Items from a data source:
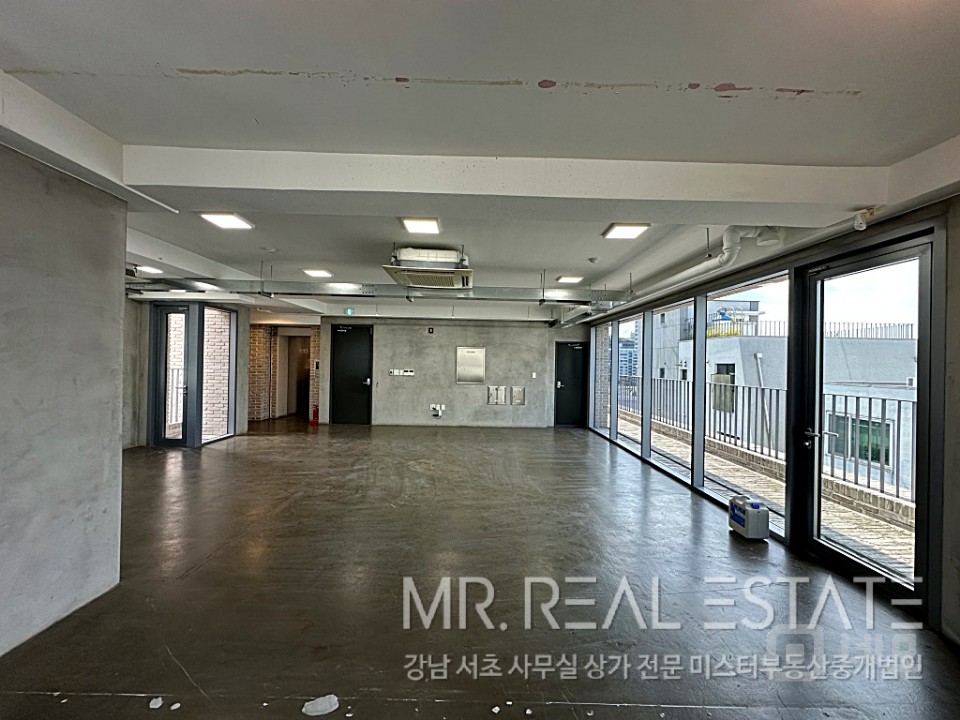 실사진 강남구청역3분 코너건물 자주식주차 리모델링 매물의 3번째 사진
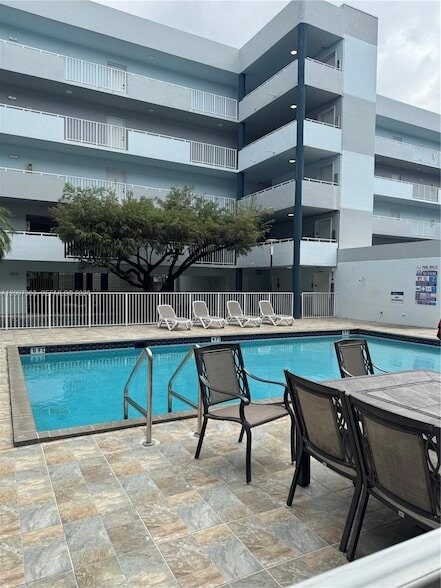 Building Photo - 8261 NW 8th St Unit 130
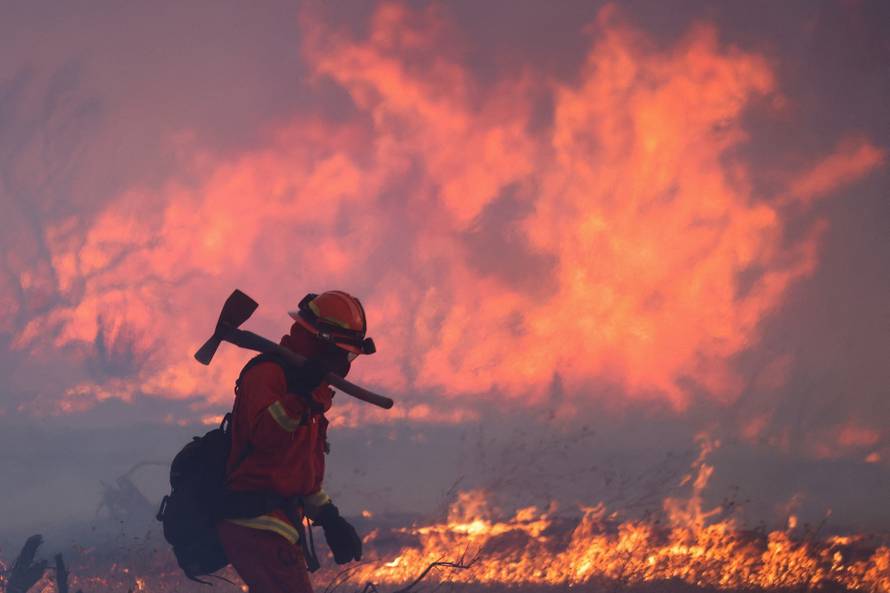 Hughes Fire, at Castaic Lake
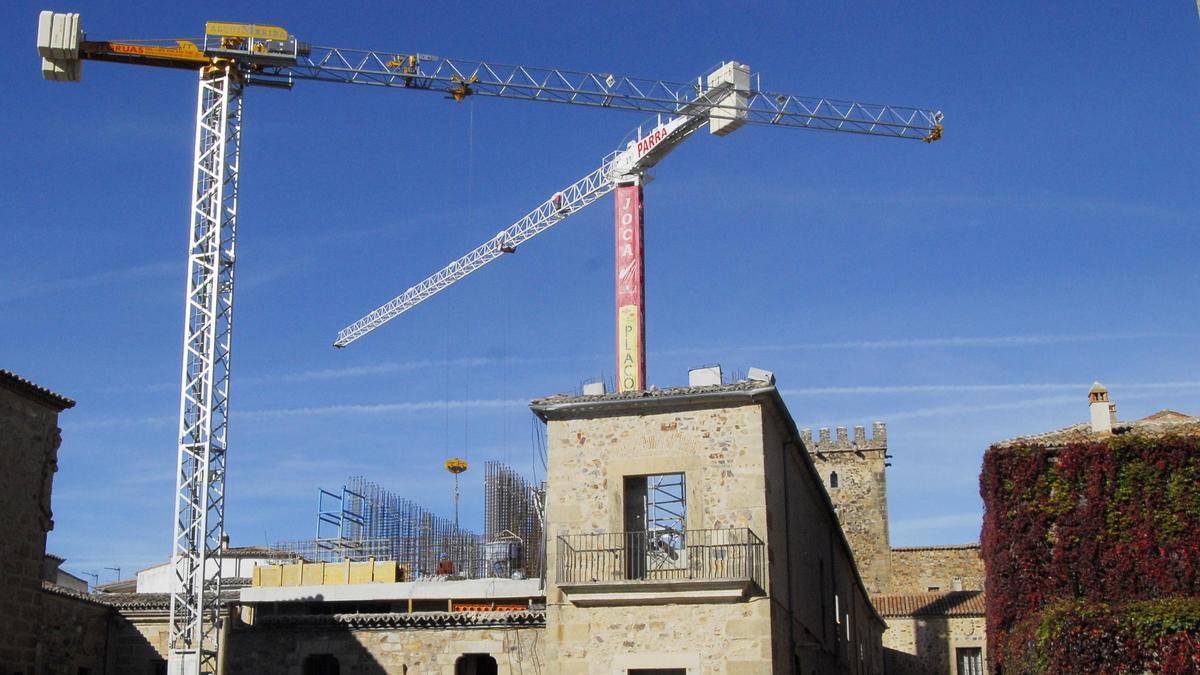 Obras del hotel Atrio de Cáceres en una imagen captada en 2009.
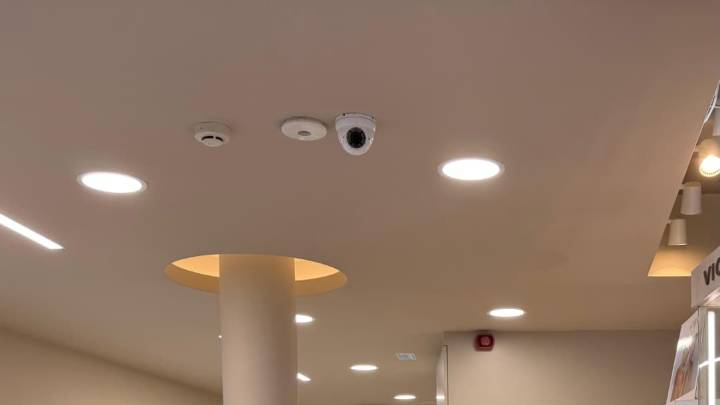 Óscar Joyeros: cuarenta años iluminando Viveiro (Lugo) y conquistando el mundo desde un taller familiar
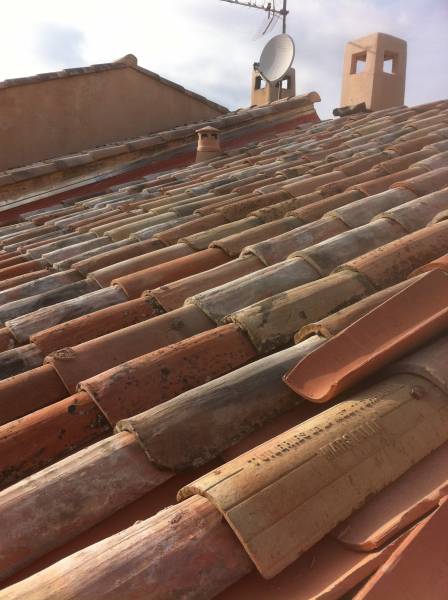 Recherche de fuite sur toiture de bastide en Pays-d'Aix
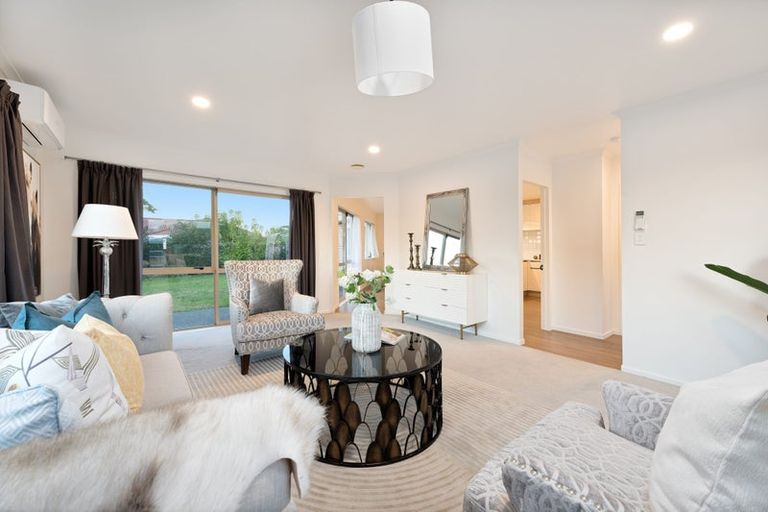 Photo of property in 36 Fleetwood Drive, Henderson, Auckland, 0612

• **TASK DESCRIPTION**: Output, exactly and only, the lines beginning with the one that contains "Óscar Joyeros: cuarenta" and ending at the last line of the records above. Drop the pictures.

• **RESPONSE**:
 Óscar Joyeros: cuarenta años iluminando Viveiro (Lugo) y conquistando el mundo desde un taller familiar
 Recherche de fuite sur toiture de bastide en Pays-d'Aix
 Photo of property in 36 Fleetwood Drive, Henderson, Auckland, 0612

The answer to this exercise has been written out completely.